When the New Deal wanted to invite the co-operation of hardboiled businessmen, its friendliest thoughts were of him. Secretary Roper made him head of his Business Advisory & Planning Council. And when the President wanted someone to step into General Johnson's shoes, Clay Williams was the answer. He came at 95-c- a year ($1 after April i) and began getting down to NRA headquarters at 7:30 in the morning. He still does. At breakfast, lunch and dinner, he goes out to eat with businessmen who have kicks against NRA--it is against his rules to be interrupted by callers or telephones during office hours. Otherwise he is not seen around Washington. So far as he is concerned he is simply there for a job, to clean up the administrative mess at NRA.

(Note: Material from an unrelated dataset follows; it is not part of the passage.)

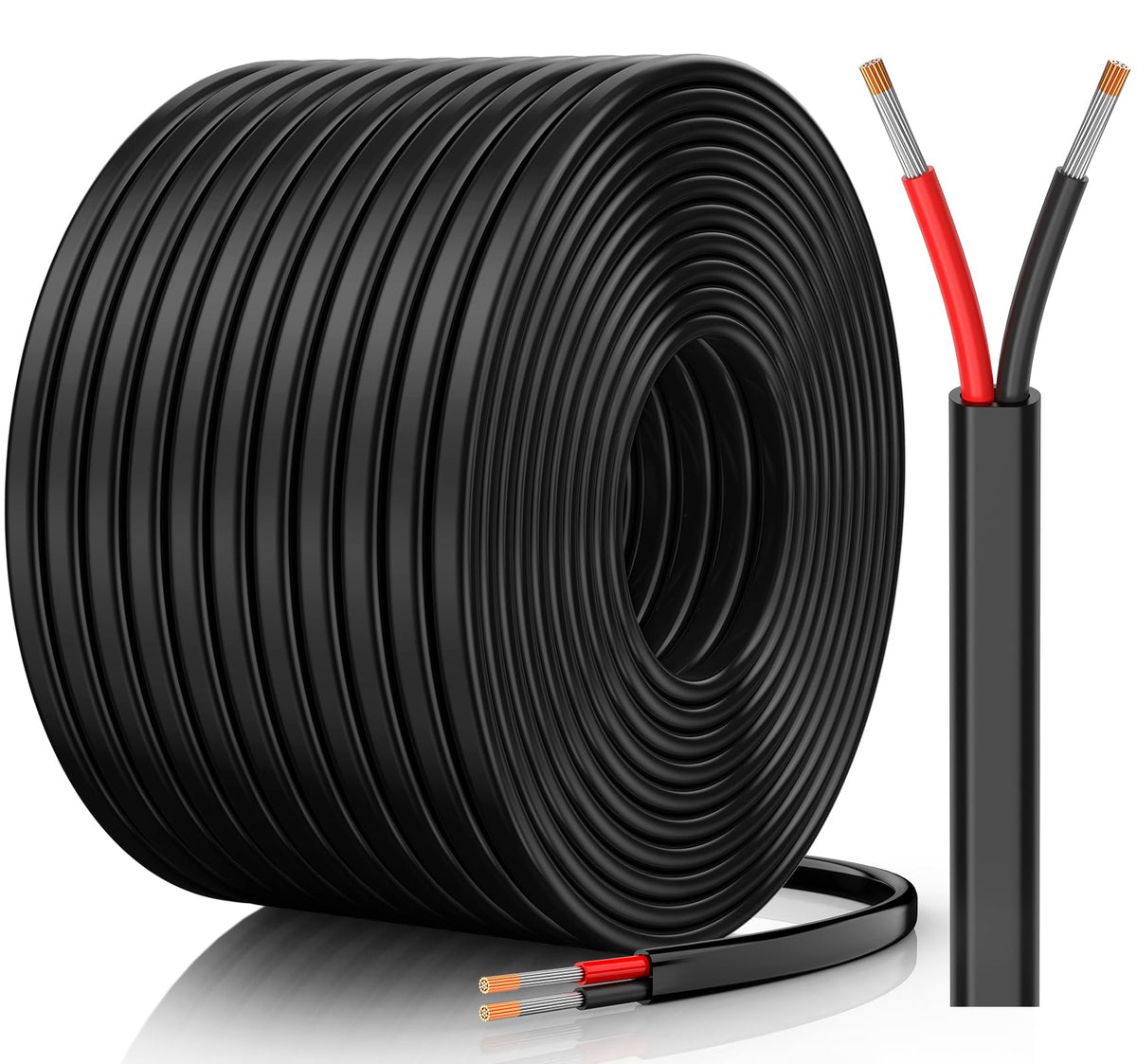CONEPY 18GA wire, two-conductor flexible power connections for automotive and marine projects.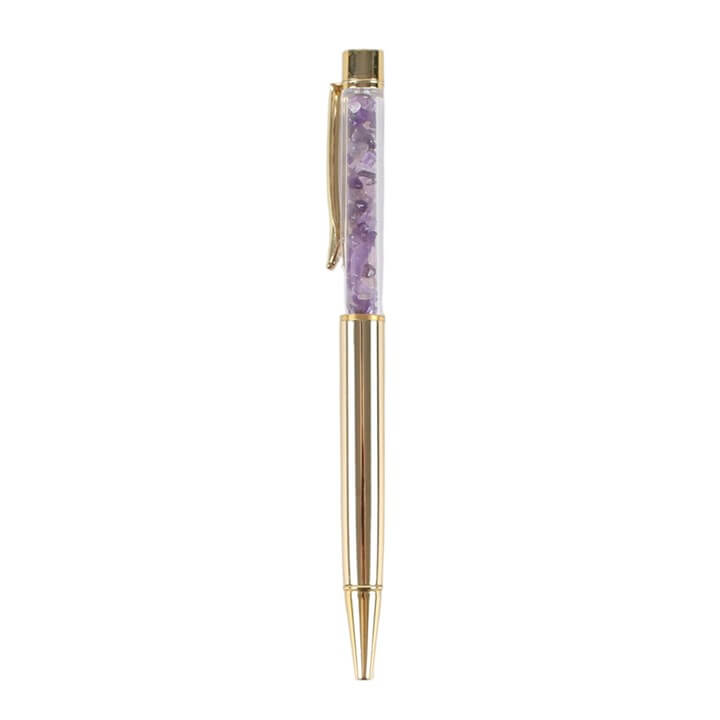 Set of 42 Chakra Crystal Chip Pens in Display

Thus S. Clay Williams is not a New Dealer but a businessman--a tobacco man --but he is a useful New Deal adjunct. His fellow board members know perfectly well that he is on the side of business-- which is part of his usefulness at a time when the Administration is trying to win the confidence of business. Because of his open taking of sides in the Recovery Board's debates, it was at one point suggested that he resign the gavel to the Board's Executive Secretary Leon Marshall--which he did. During the discussions of the recently adopted cigaret code he did not try to be impartial, simply withdrew from the meetings when the subject came up.

But to Franklin Roosevelt he is a valuable midway man: to bring order out of the NRA's adolescent chaos, to bring it peace instead of contention in the public prints. For Clay Williams has not the temperament to promote stormy scenes and he never has anything of importance to say to the Press. What he has to say he says at the White House himself or sends word by Donald Richberg. He is valued also as a midway man on NRA theory. The index of cigaret consumption fluctuates with every economic curve--and the industry meets fluctuations by flexing not by fixing prices. S. Clay Williams is accordingly no price- fixer. Recently NRA surveyed 23 industries and came to the conclusion that those which had maintained their prices had bad employment records compared to those which had flexed prices. As a price-flexer Mr. Williams favors uniform minimum wages as tending to stabilize costs, hence competition.

To the question: "Is it oriole, redbird or bluebird, or some strange, un-Auduboned new bird?" S. Clay Williams favors an NRA of neutral color with no spectacular plumage. That makes him a considerable asset to the New Deal. For when the shooting begins over the form of NRA's renewal, a neutral bird will be the poorest target.